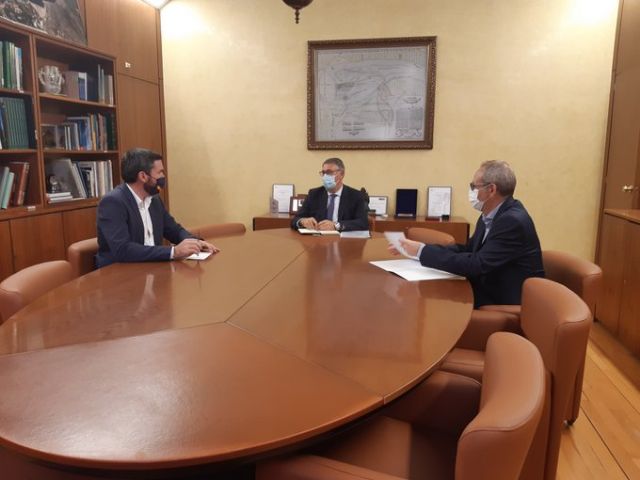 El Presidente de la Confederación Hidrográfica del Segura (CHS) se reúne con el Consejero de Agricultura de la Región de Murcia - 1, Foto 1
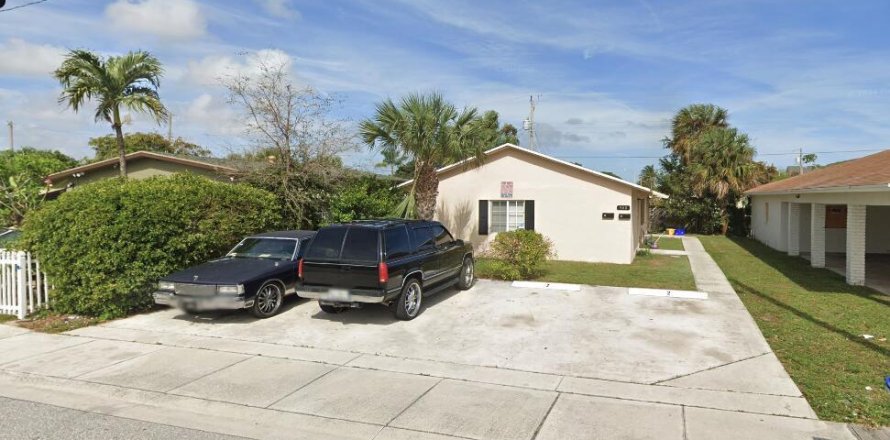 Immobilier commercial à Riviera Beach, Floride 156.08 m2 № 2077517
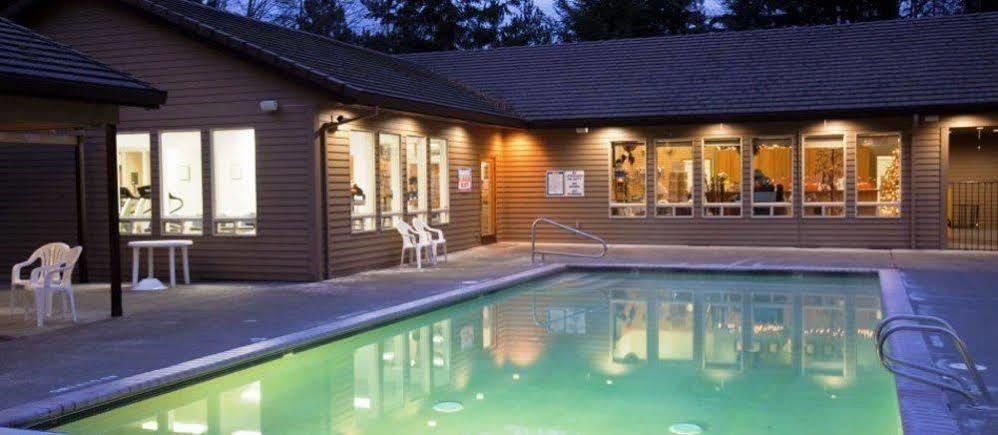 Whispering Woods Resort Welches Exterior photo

* * *

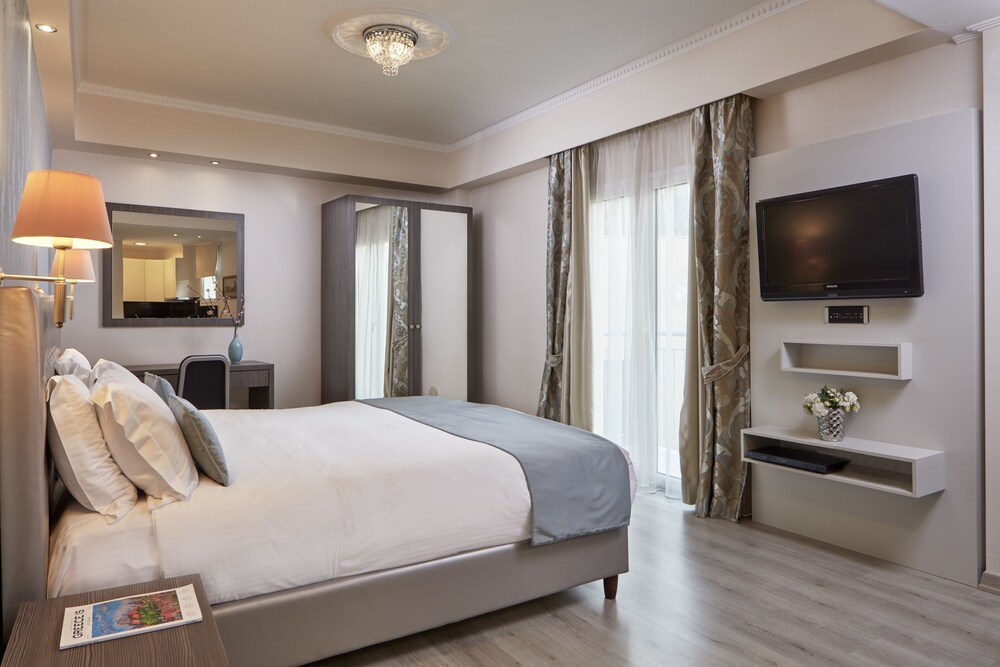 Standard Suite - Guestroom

==

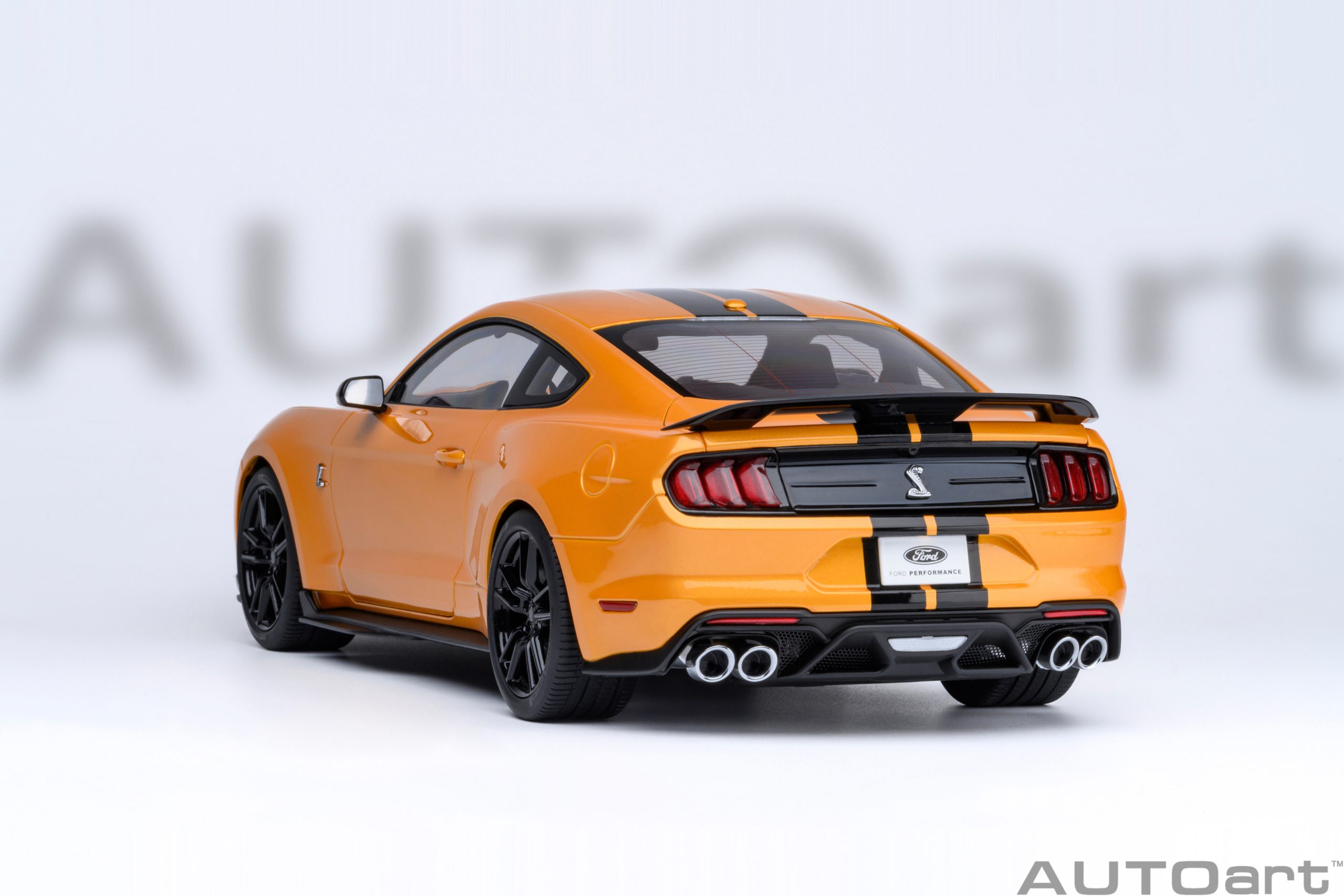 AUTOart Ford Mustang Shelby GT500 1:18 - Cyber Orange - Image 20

> **Task item**: In the listing above, find the line with "El Presidente de" and the line with "Whispering Woods Resort". Output both, plus every line between them, and no pictures.

> **Answer to this problem**:
 El Presidente de la Confederación Hidrográfica del Segura (CHS) se reúne con el Consejero de Agricultura de la Región de Murcia - 1, Foto 1
 Immobilier commercial à Riviera Beach, Floride 156.08 m2 № 2077517
 Whispering Woods Resort Welches Exterior photo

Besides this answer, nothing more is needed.